**The records**.
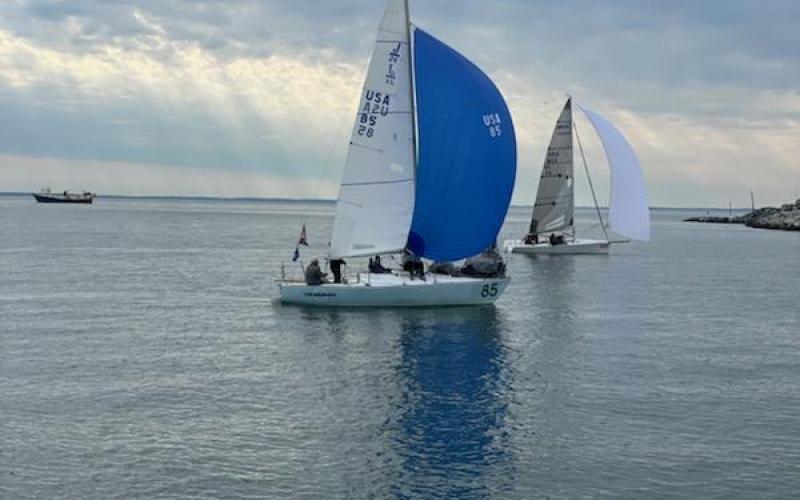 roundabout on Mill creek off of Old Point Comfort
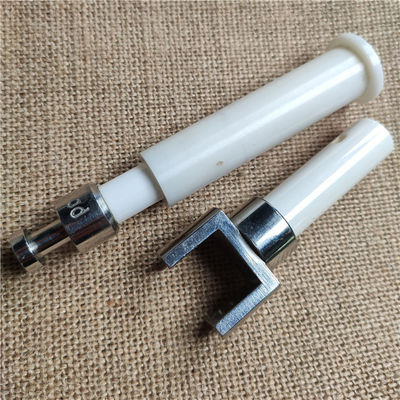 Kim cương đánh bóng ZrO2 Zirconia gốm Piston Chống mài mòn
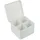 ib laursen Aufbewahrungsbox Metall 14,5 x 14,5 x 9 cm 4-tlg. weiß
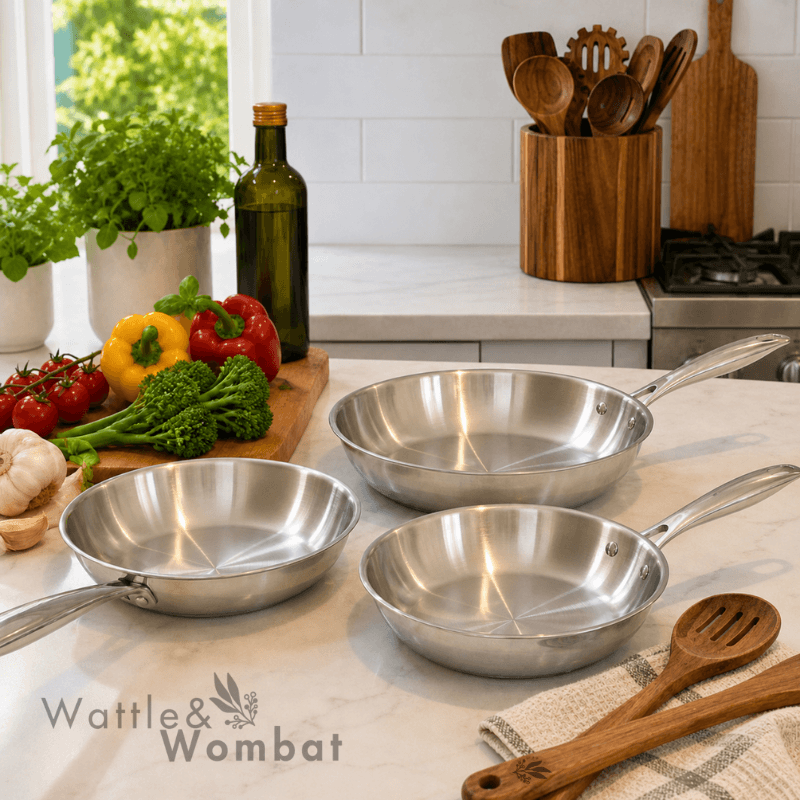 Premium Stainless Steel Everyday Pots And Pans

* * *

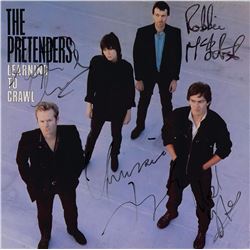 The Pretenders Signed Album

---

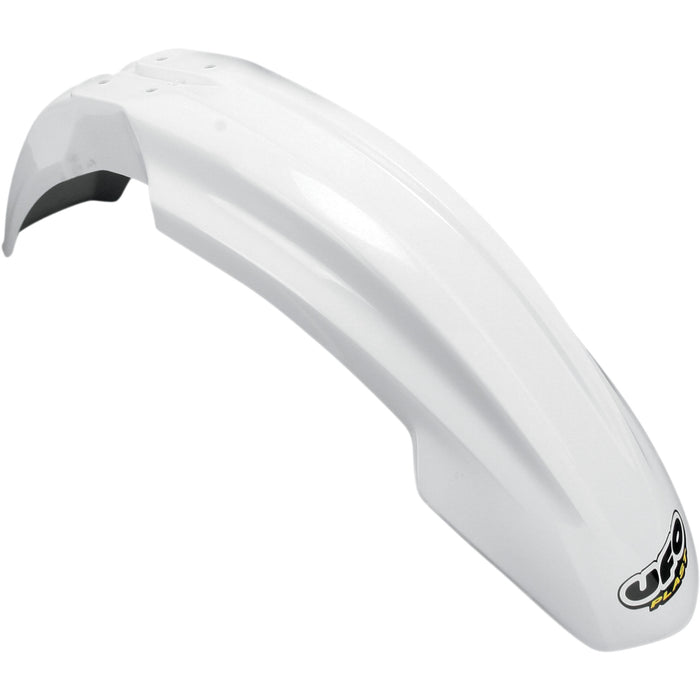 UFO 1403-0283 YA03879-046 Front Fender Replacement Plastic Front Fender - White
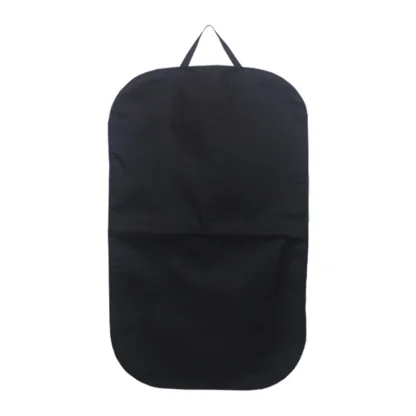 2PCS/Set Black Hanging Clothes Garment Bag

**What you are asked to do**.
In the listing above, find the line with "Kim cương đánh" and the line with "Premium Stainless Steel". Set down exactly those lines and everything between them, skipping pictures.

**Solution**.
 Kim cương đánh bóng ZrO2 Zirconia gốm Piston Chống mài mòn
 ib laursen Aufbewahrungsbox Metall 14,5 x 14,5 x 9 cm 4-tlg. weiß
 Premium Stainless Steel Everyday Pots And Pans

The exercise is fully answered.